## EXERCISE GOAL
Write out every line below again exactly as it stands, skipping each image.

## RECORDED INFORMATION
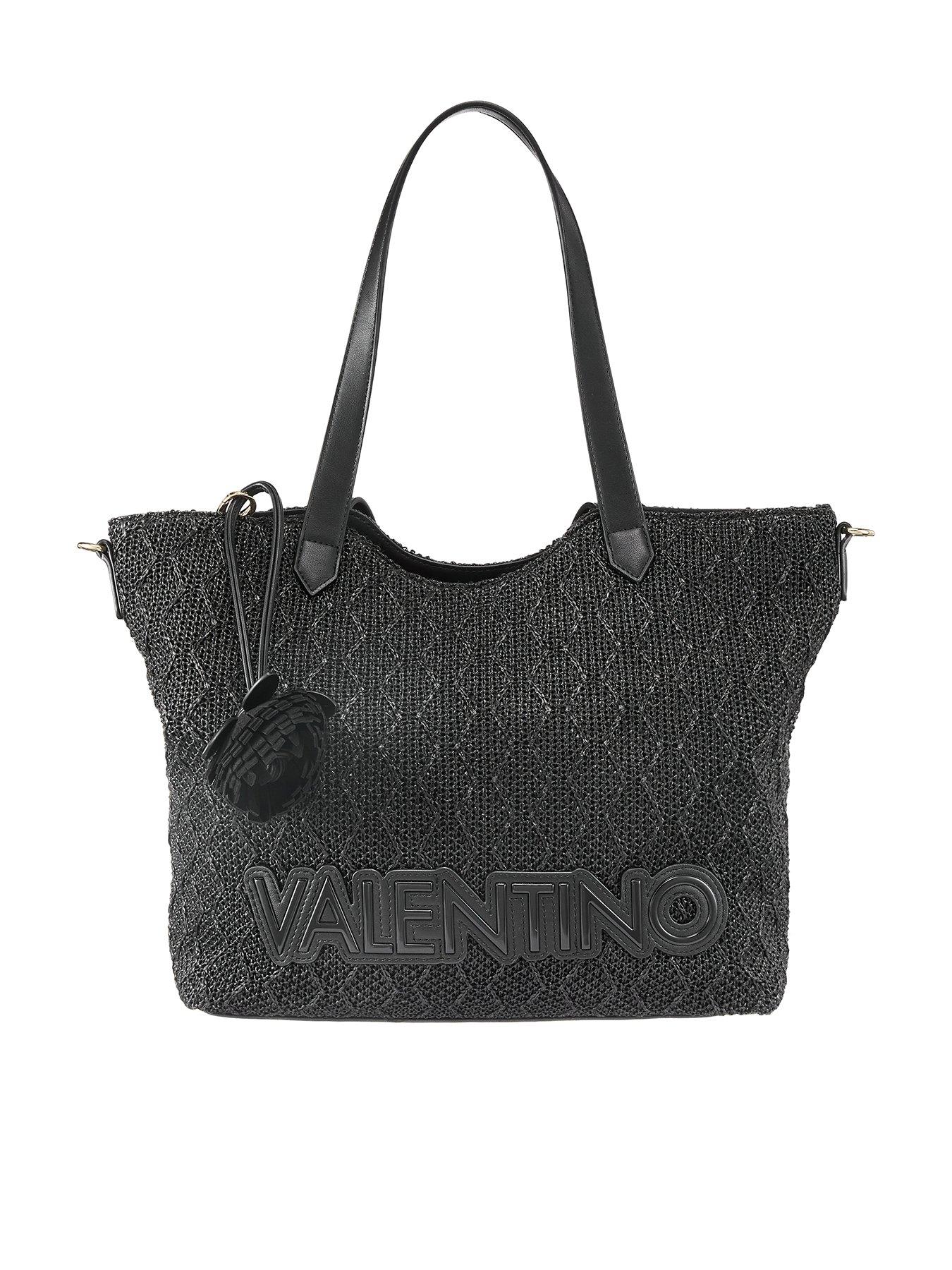 Valentino Courmayeur Shopper Bag - Black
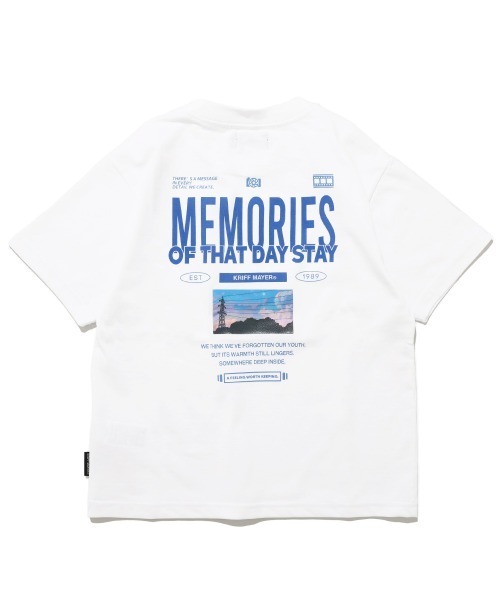 KRIFF MAYER Kid's Collection(クリフメイヤーキッズコレクション)の「【吸水速乾】COOL MAX半袖T(レンチキュラーpt.)(Tシャツ/カットソー・キッズ・オフホワイト/ブラック/パープル/ベージュ・150/140/120/130/170/160)」の21枚目の写真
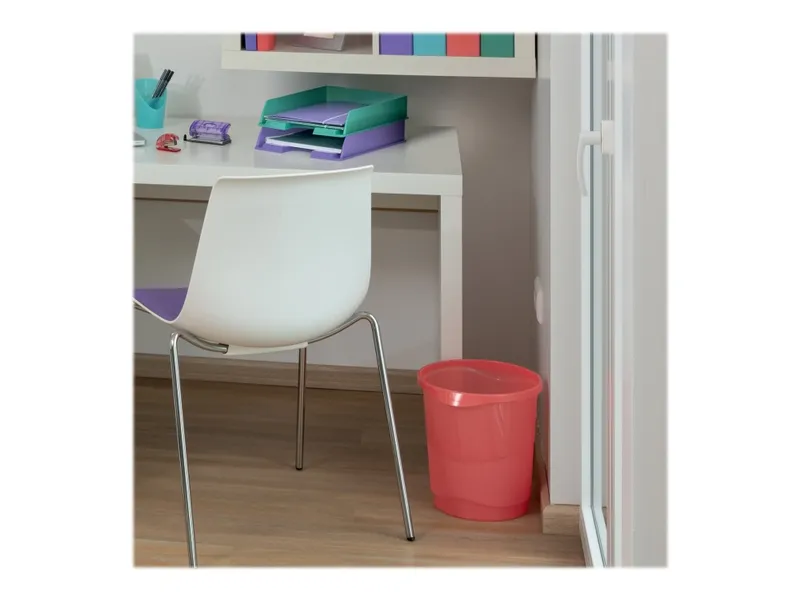 Alternativ bild 0 för Esselte Colour'Breeze Waste Paper Bin Coral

## RESULT FOR THIS TASK
 Valentino Courmayeur Shopper Bag - Black
 KRIFF MAYER Kid's Collection(クリフメイヤーキッズコレクション)の「【吸水速乾】COOL MAX半袖T(レンチキュラーpt.)(Tシャツ/カットソー・キッズ・オフホワイト/ブラック/パープル/ベージュ・150/140/120/130/170/160)」の21枚目の写真
 Alternativ bild 0 för Esselte Colour'Breeze Waste Paper Bin Coral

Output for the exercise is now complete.